■ What is required ■
Exactly as they appear below, repeat the lines from the one with "60 Red Glass Tea Light Candle Holders" through the one with "White T-shirt with". Drop every picture.

■ The records ■

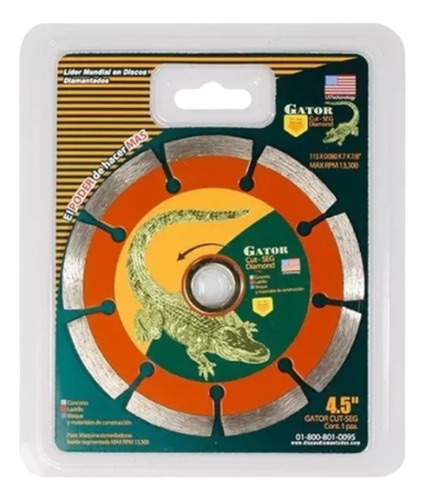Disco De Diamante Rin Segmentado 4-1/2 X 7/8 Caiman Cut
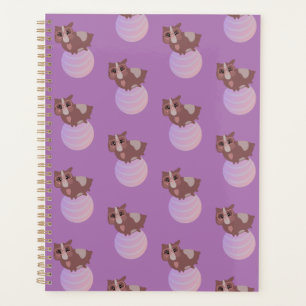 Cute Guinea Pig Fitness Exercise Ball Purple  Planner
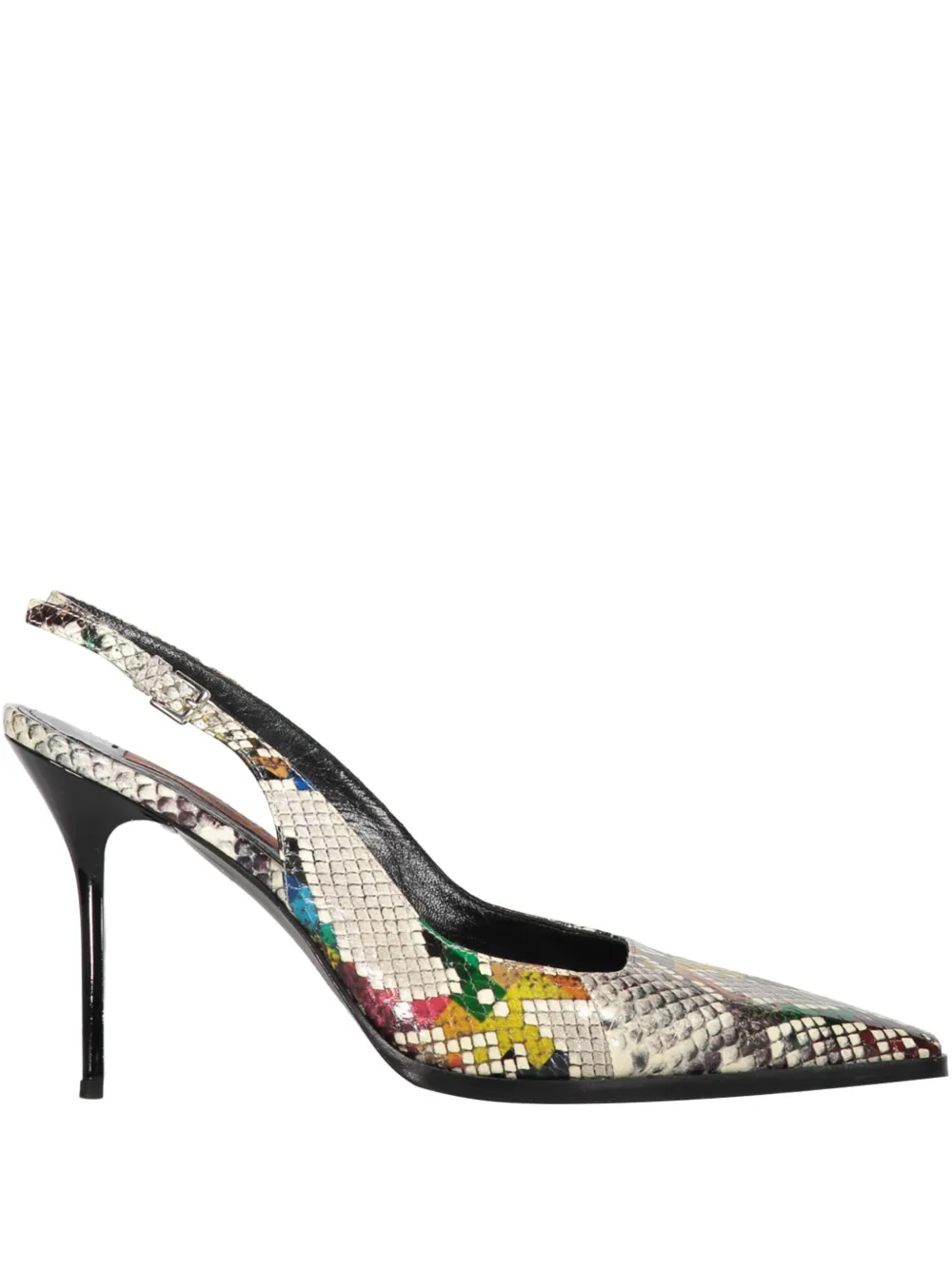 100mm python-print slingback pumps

==

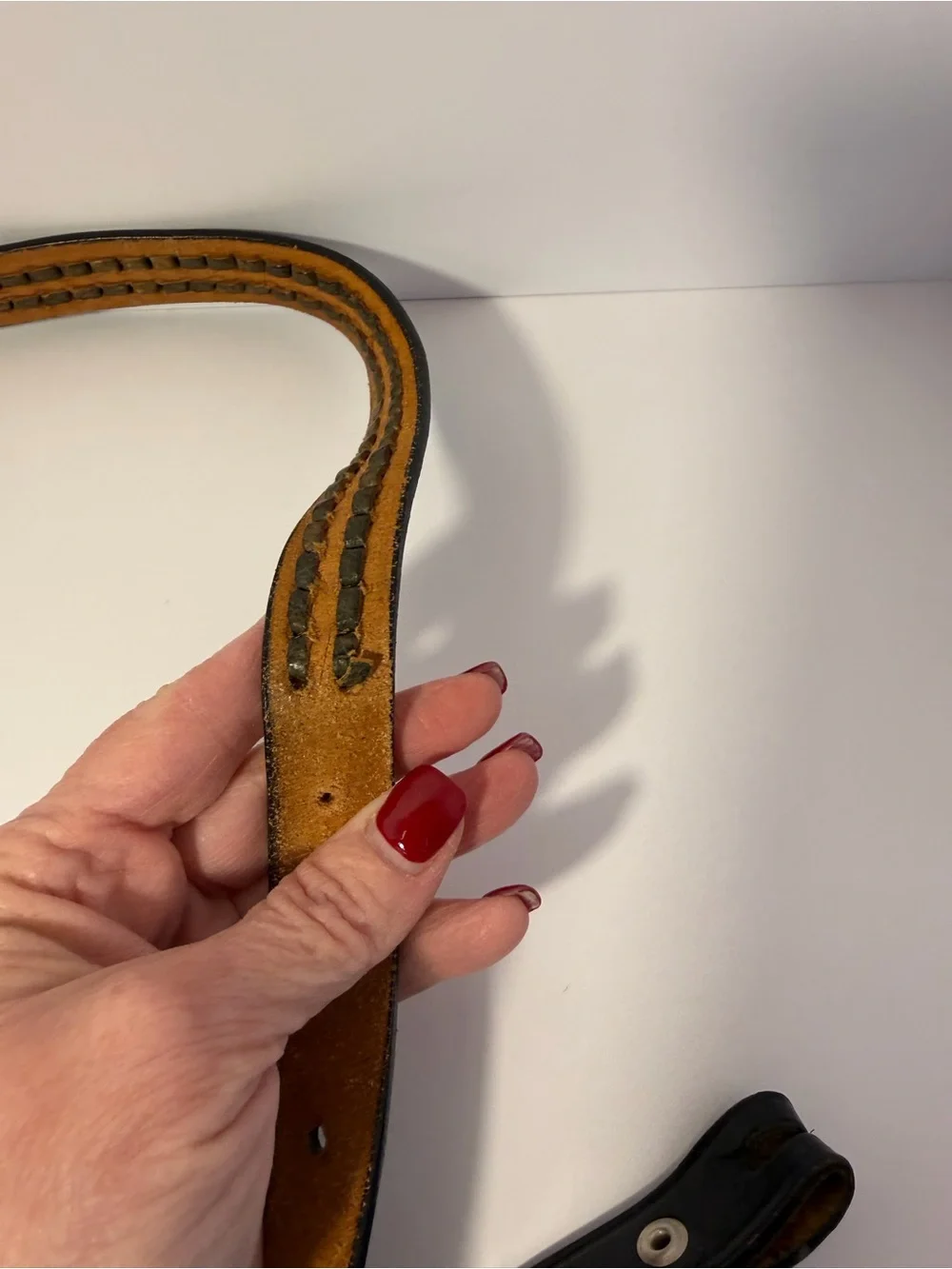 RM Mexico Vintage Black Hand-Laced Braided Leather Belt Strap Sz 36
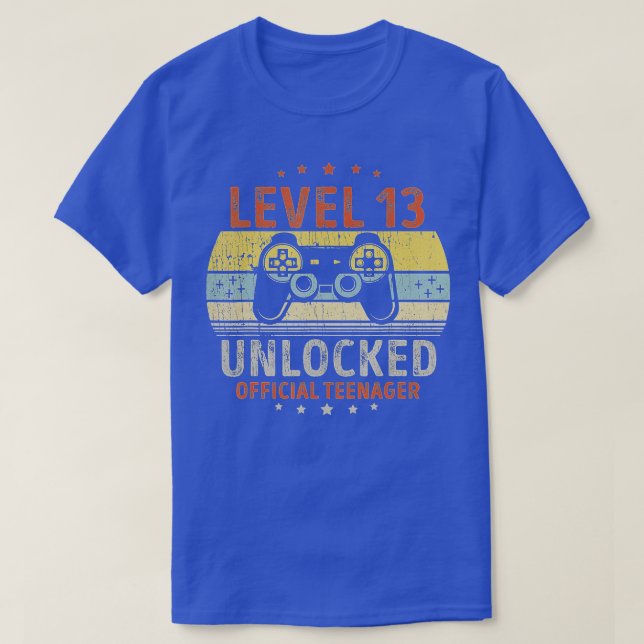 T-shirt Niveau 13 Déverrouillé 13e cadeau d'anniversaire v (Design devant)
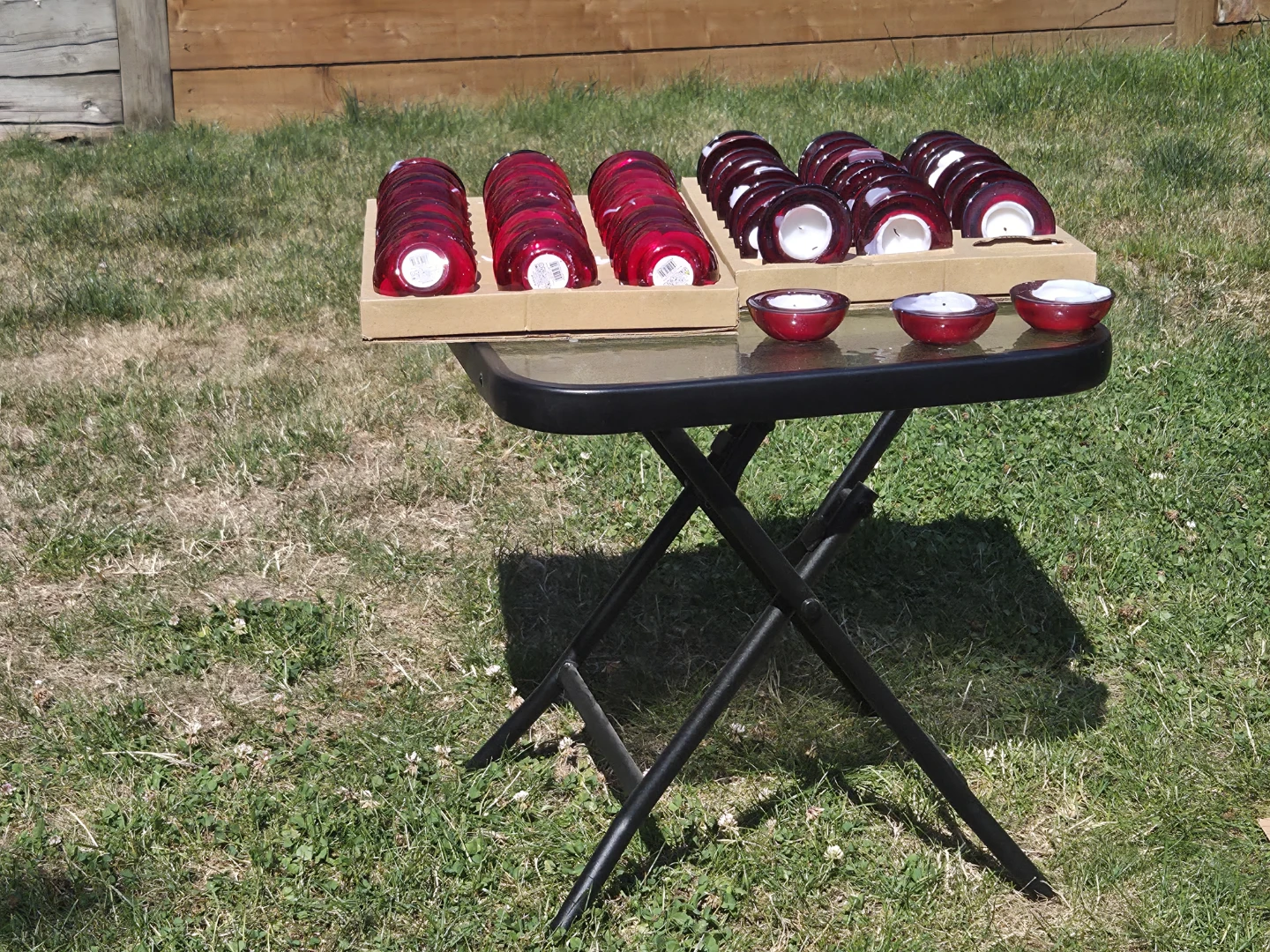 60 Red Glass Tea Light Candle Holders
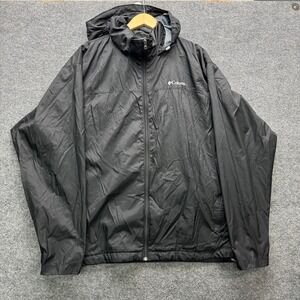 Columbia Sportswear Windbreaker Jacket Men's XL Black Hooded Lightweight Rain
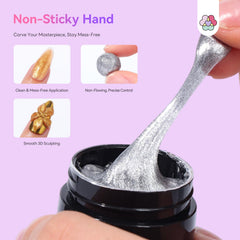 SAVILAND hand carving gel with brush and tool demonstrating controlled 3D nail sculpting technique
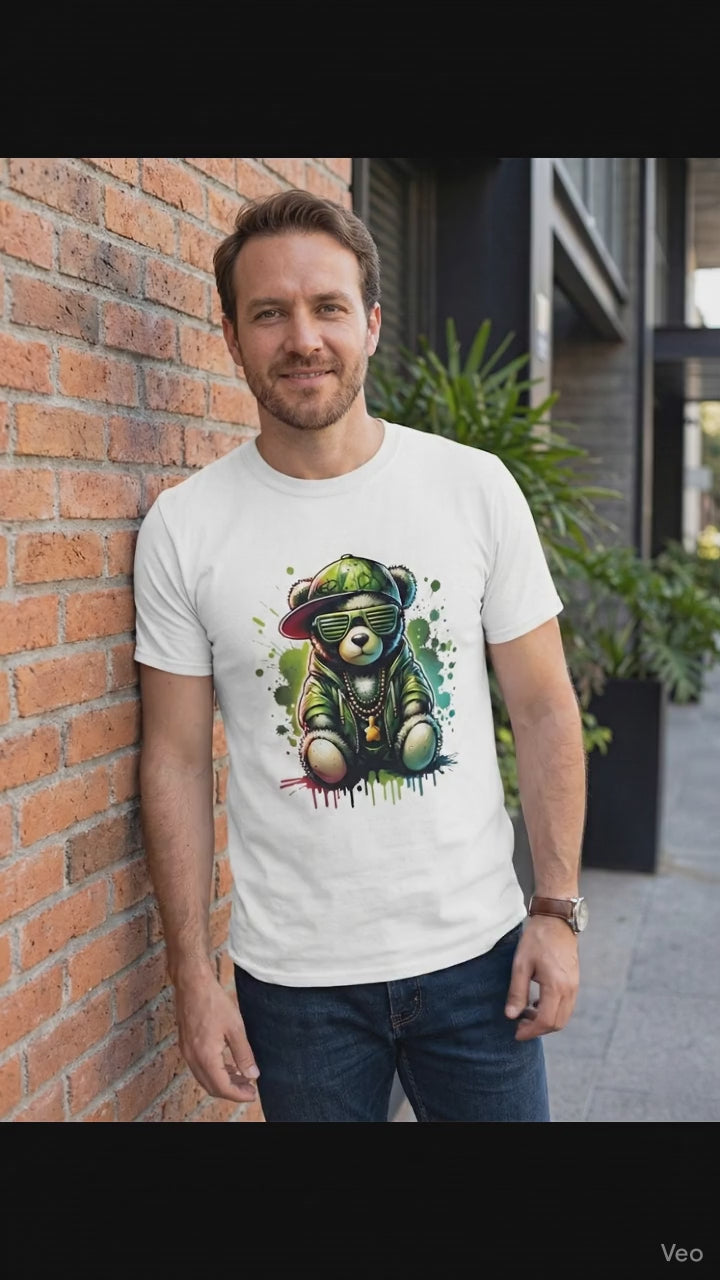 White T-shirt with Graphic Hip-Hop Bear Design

■ Result of the task ■
 60 Red Glass Tea Light Candle Holders
 Columbia Sportswear Windbreaker Jacket Men's XL Black Hooded Lightweight Rain
 SAVILAND hand carving gel with brush and tool demonstrating controlled 3D nail sculpting technique
 White T-shirt with Graphic Hip-Hop Bear Design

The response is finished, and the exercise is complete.